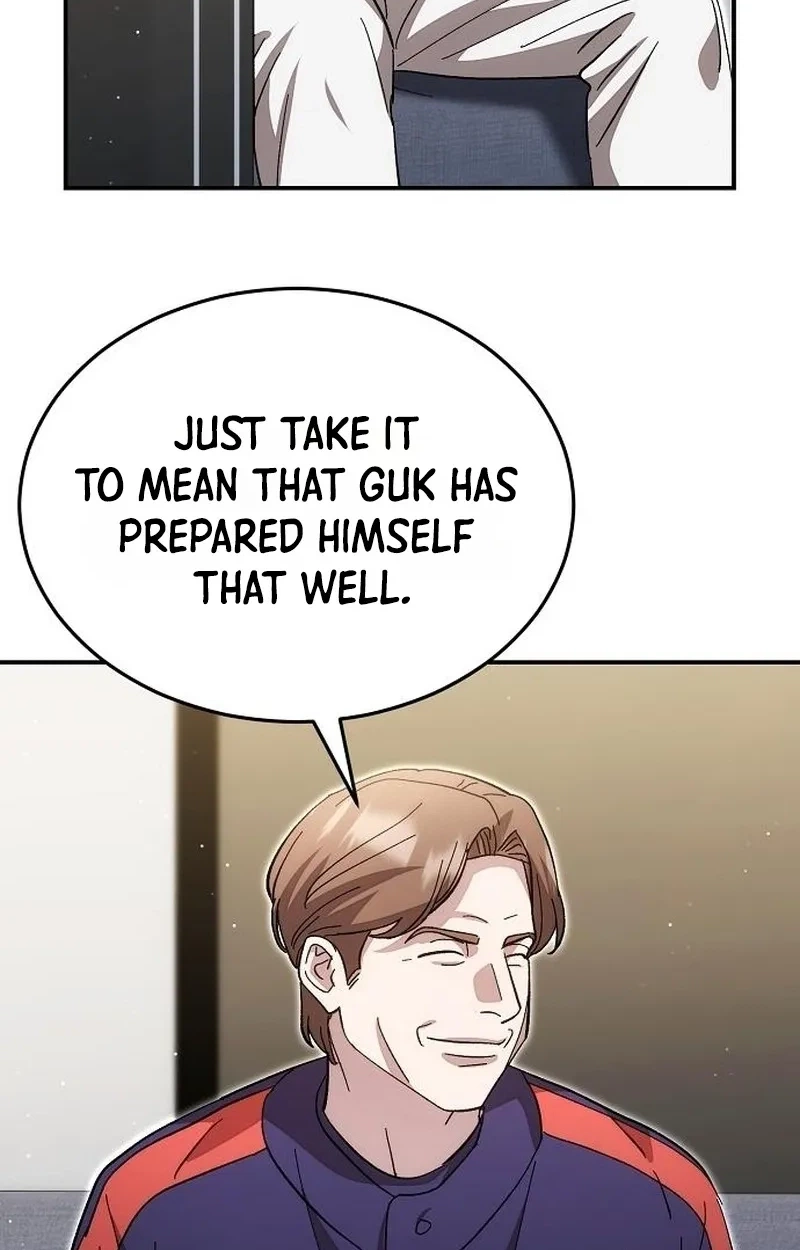 Read Genius Hitter Hits Fastball chapter 134 image 14 on Lezhin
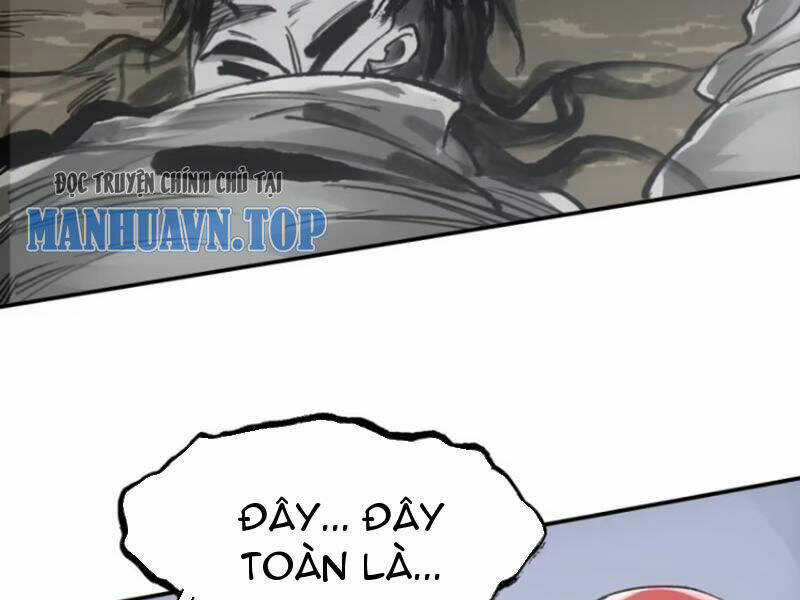 Xa Đao Nhân Chapter 28 trang 20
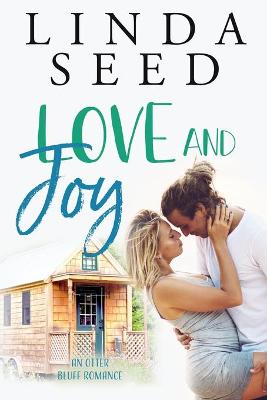 Book cover for Love and Joy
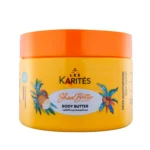 Les Karites Shea Butter Moisturizing Hair Cream 180 ml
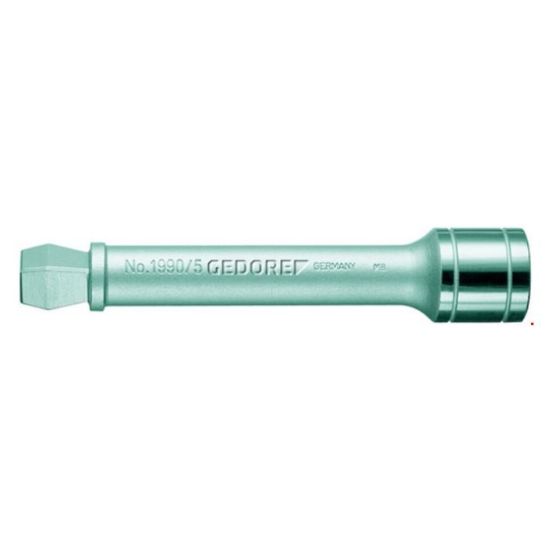 Afbeeldingen van GEDORE Cardan-verlengstuk ½" 63MM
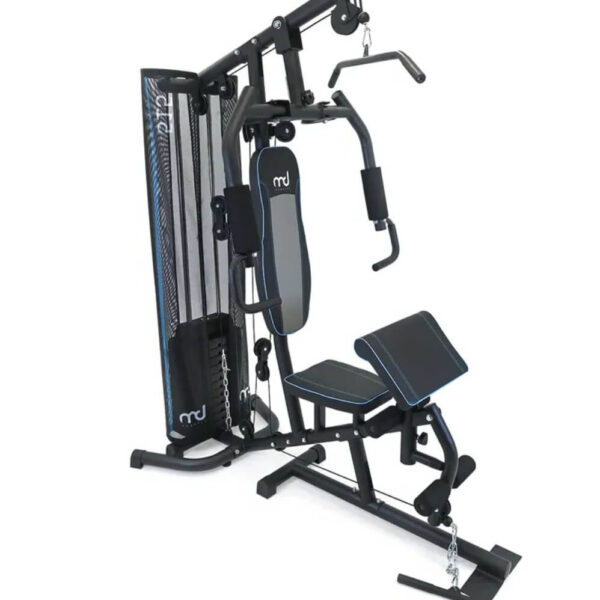 MAQUINA MULTIFUNCIONAL BM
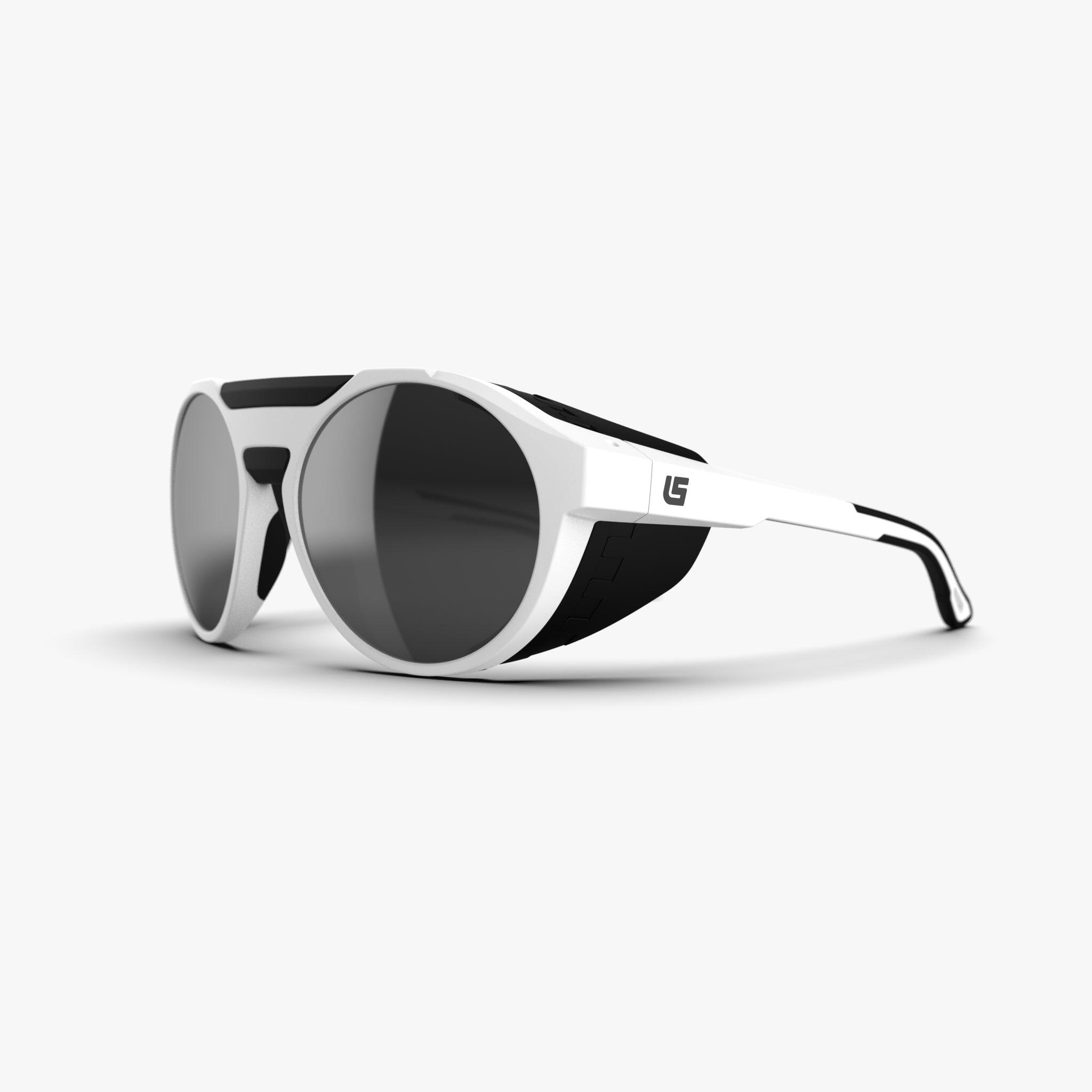 Lunettes de soleil glacier Subzero 1/3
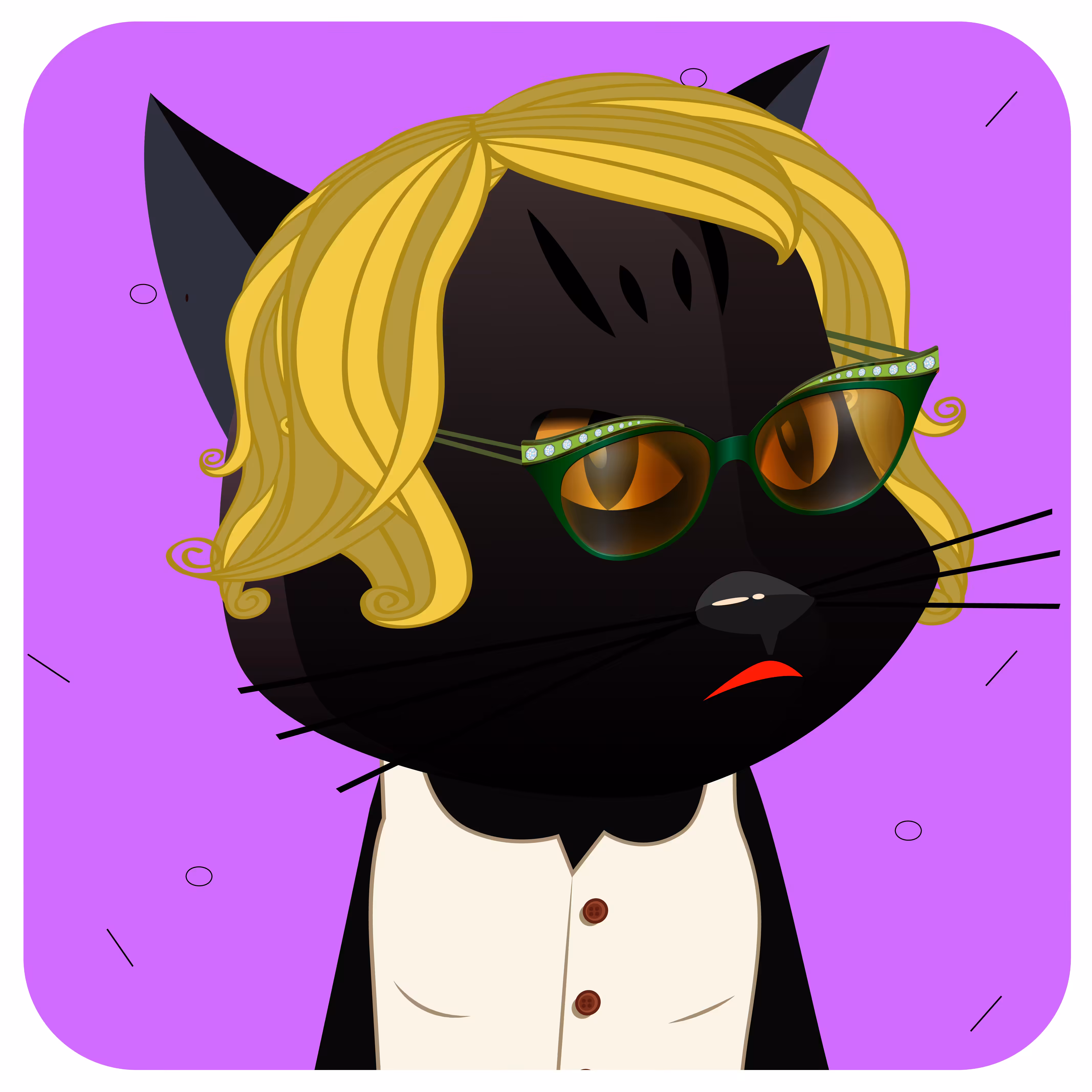 The Black Cats/69
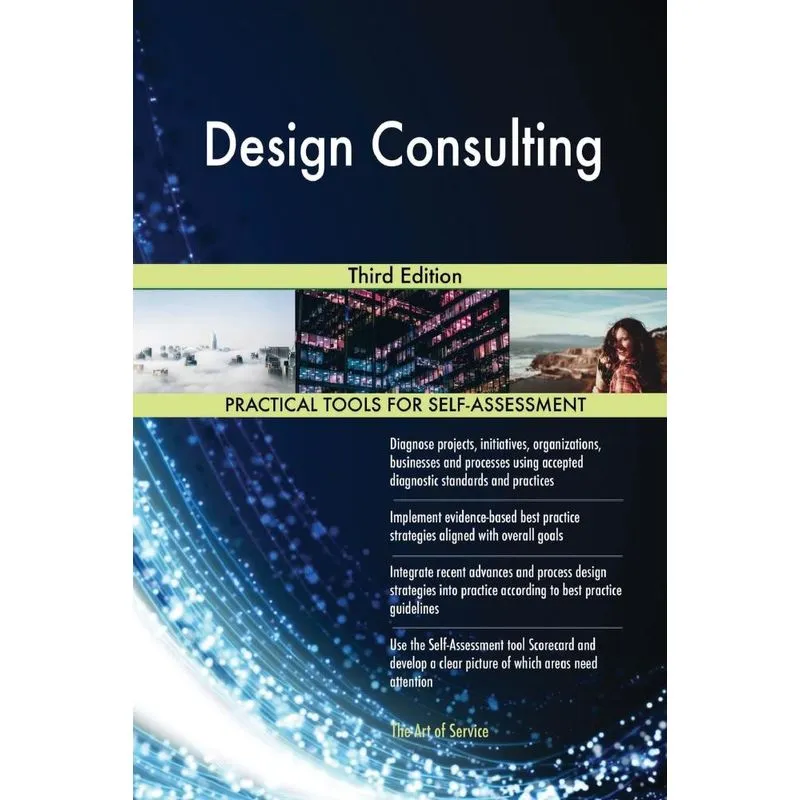 Design Consulting Third Edition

Task goal -> Could you reproduce exactly the lines running from the one with "Afbeeldingen van GEDORE" through the final line of the listing above, both included, and drop the pictures?

Your response ->
 Afbeeldingen van GEDORE Cardan-verlengstuk ½" 63MM
 MAQUINA MULTIFUNCIONAL BM
 Lunettes de soleil glacier Subzero 1/3
 The Black Cats/69
 Design Consulting Third Edition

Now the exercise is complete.